The Adventures of Bullwhip Griffin (1967)    1 Stars

“When the family fortune runs out, the laughs rush in.”

 

The Adventures of Bullwhip Griffin (1967)

Director: James Neilson

Cast: Roddy McDowall, Suzanne Pleshette, Karl Malden

Synopsis: A young man from Boston heads west to join the California gold rush with the hopes of restoring his family fortune, but his dedicated butler sets out to find him and bring him home.

 

 

 

 

 

 

This minor Disney comedy has modest ambitions which it fulfils with ease. Roddy McDowall plays the title character, initially a very precise and proper butler for the wealthy Flagg family of Boston. When the head of the family dies, however, it’s discovered that the family isn’t as wealthy as was believed, despite the fact that the old boy left a small fortune to each of his staff in his will. The Flagg’s are, in fact, completely broke, and surviving family members Arabella (Suzanne Pleshette) and Jack (Bryan Russell) are forced to sell their home and all its furniture in order to pay off the family’s debts.

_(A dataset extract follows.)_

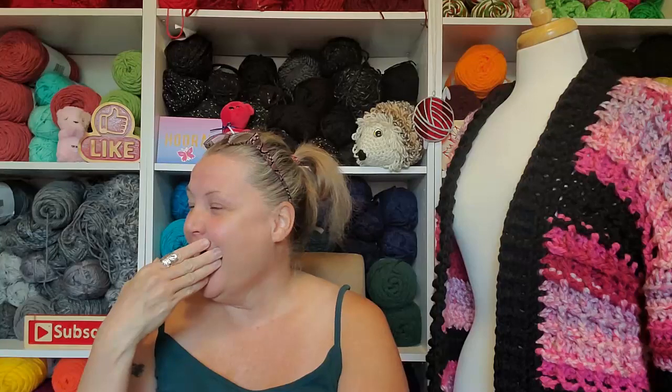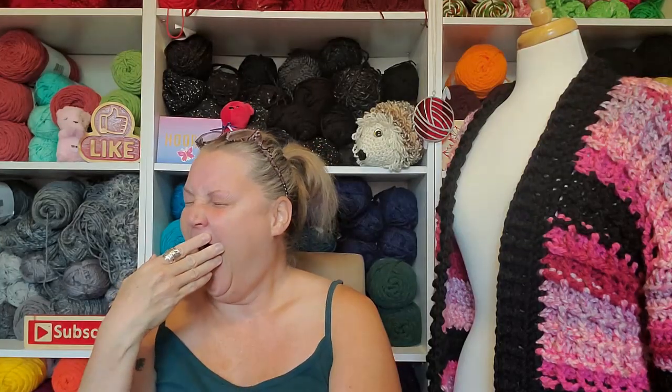Today is another day of Vloggest on the Cheap, where Sandy from Left is Right Crochet and I get together and we are giving each other a gift every day for the month of August from the dollar store.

Determined to reinstate the family’s fortune, young Jack stows away on a ship bound for San Francisco, where the gold rush is in full flow. Griffin goes after him, and both end up as the captain’s cooks when the ship sets sail with them both on board. During the voyage they meet Quentin Bartlett (Richard Haydn), an actor in possession of a map pinpointing the location of the mother lode of gold, which he offers to share with Griffin and Jack. Before they land at San Francisco, however, Bartlett is robbed of the map by the unscrupulous Judge Higgins (Karl Malden).

The somewhat effete Roddy McDowall rarely won leading roles, but he makes a charming leading man in The Adventures of Bullwhip Griffin, providing a father figure for his young co-star who not only looks a little like him but also takes to dressing in similar clothes once their adventure gets under way and Griffin abandons his traditional butler’s outfit. The film does little to develop the relationship between them, though, choosing instead to focus its attention purely on the situations in which they find themselves. They’re mildly amusing, these situations, although filtered as you’d expect through the usual Disney sanitisation process so that any dangers encountered are only notional and non-threatening. Griffin finds himself forced to participate in a boxing match with Mountain Ox (Mike Mazurki) whom he accidentally knocked out during a previous encounter, and it’s a skirmish that’s played purely for laughs, with McDowall proving to be a surprisingly adept physical comic.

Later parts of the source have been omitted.